著者の主張は、「ティッピング・ポイント」の一言に収斂される。
まぁ、これが原題なので当然と言えば当然。

これは押せば傾く、物事が劇的に変化する、感染が始まる、坂へ転げ始めるギリギリのポイントのこと。

そして、その爆発的感染には以下3つの要素が必要と説く。

1.少数者の法則
2.粘りの要素
3.背景の力

少数者の法則では、以下3タイプの少数者が感染を広めることを説明している。

1.コネクター(媒介者)
2.レイヴン(通人)
3.セールスマン

このタイプ分け、フレームワークは秀逸。ほんとに解りやすい。
解説が載っているので読めば必ず納得する。

また、粘りの要素では、例えば、爆発的に広がる噂などには、その情報に「粘り」があるとのこと。
この「粘る」という表現が凄い。まぁ、日本語なので翻訳者が上手いというべきか。。

「粘る」という言葉には、自分はあまり良い印象を持ってない。
こびり付いてて離れない、なんかネチョネチョした、気持ち悪い感触がある。
しかし、だからこそ、この表現自身が文字通り「粘る」。

頭(記憶)の片隅に、こびりついて離れない。

こういう要素が、感染する「モノ」には備わっている。
たんに知らせるだけではダメで、頭に残る工夫をしなければならない。
この辺りは、CMなど広告作ってる人達が、昼夜考えていることだろう。。

背景の力も面白い。
実験が何個か紹介されているが、人の行動は内面的な価値観だけでは簡単に決まらないというのがほんとによくわかる。置かれた状況(シチュエーション)に相当影響を受ける。

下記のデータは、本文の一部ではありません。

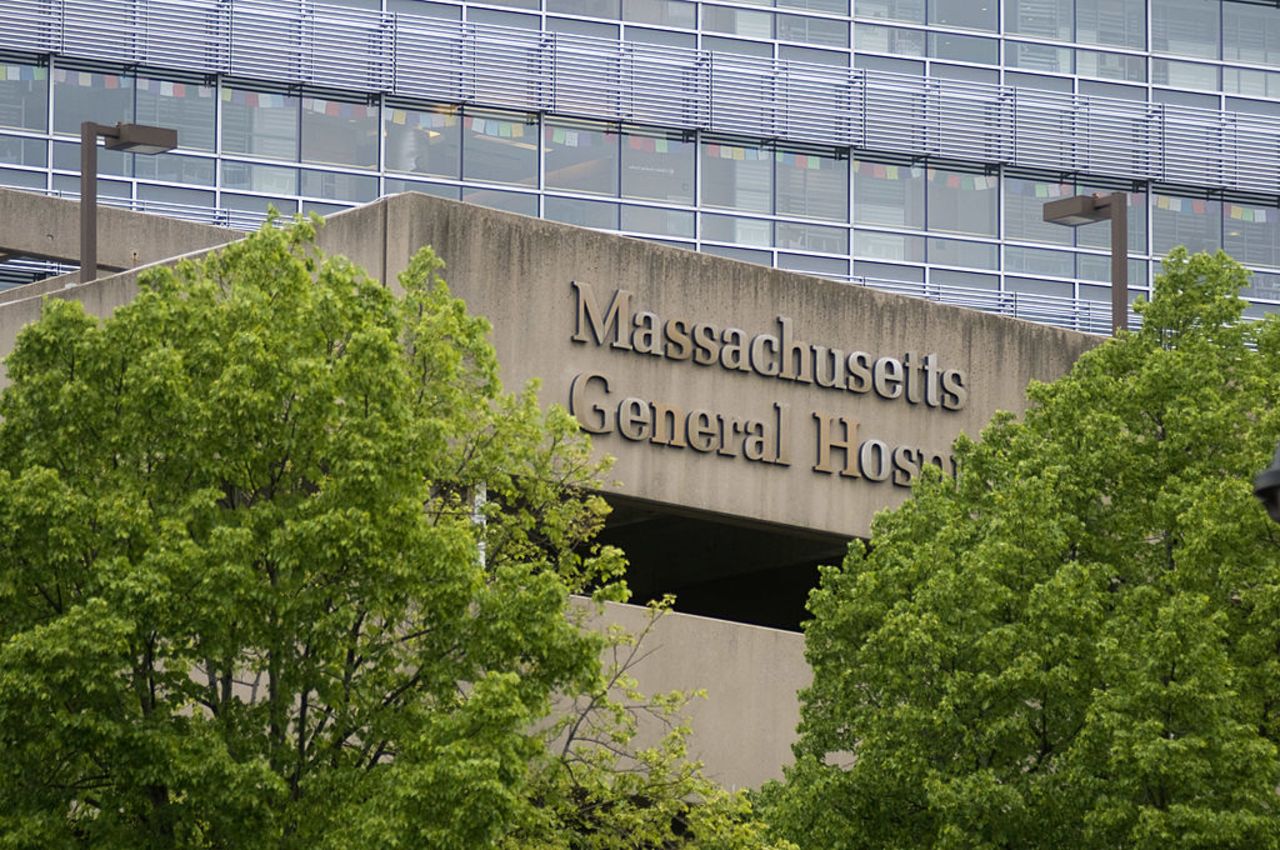 A sign for Massachusetts General Hospital in Boston, Massachusetts.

「割れ窓」理論などは有名なので知ってたが、こういう文脈で読むとすごく説得力がある。

150の法則も目から鱗。
なるほどねー、150人の壁か。。
「交換記憶」というのは、自分流に言えば、「外部記憶装置」だ
「このことはこの人に聞けばわかる」という環境は、非常に連携しやすい。
この辺は経験あるからよくわかる。仕事の能率は確実に高くなる。

その人数に制限があるというのが面白い。
具体例としての村落の人数など、すごく興味深い。

最初から最期までとにかく面白くて、マーケティングに興味を持ち始め、その仕事をするために最近転職までした自分としては、ほんとにほんとにタメになる内容だった。

今後絶対に自分の血肉になるという確信がある。

マーケティングに携わる人間であれば、必読の書である。
久々にほんとに面白くてタメになる本を読んだ。
すばらしい読後感。

だから読書は止められない(笑)

余談だが、帯には「勝間和代氏推薦」とある。
勝間さんファンは絶対読むことお勧めする。
文字強調の仕方とか、氏がかなりこの本から影響を受けてるのがわかる。

ほんとに読みやすい。
もし仮に自分が本を書くとしたら、こういう解りやすい文章で、表現方法で、面白くてタメになる、こんな本を書く事を、目標としたいものだ。